**Source records:**
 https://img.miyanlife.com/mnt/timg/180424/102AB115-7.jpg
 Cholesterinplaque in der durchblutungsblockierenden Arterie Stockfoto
--
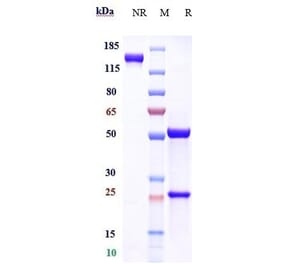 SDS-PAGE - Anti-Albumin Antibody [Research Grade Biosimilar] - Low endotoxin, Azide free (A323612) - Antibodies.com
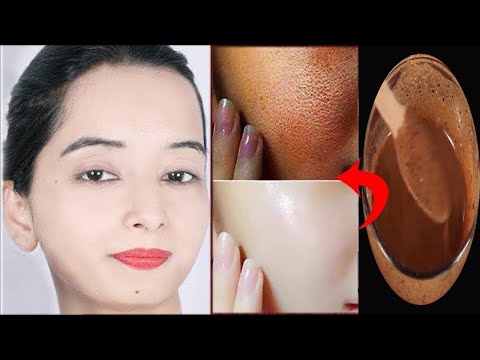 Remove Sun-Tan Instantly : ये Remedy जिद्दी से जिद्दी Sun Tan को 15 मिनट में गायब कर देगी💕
--
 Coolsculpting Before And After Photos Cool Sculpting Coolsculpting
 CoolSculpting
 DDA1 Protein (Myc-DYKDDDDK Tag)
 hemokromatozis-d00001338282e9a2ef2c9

**Exercise aim:** In the listing above, find the line with "DDA1 Protein (Myc-DYKDDDDK Tag)" and the line with "hemokromatozis-d00001338282e9a2ef2c9"; output exactly those lines and all lines between them.

**Expected answer:**
 DDA1 Protein (Myc-DYKDDDDK Tag)
 hemokromatozis-d00001338282e9a2ef2c9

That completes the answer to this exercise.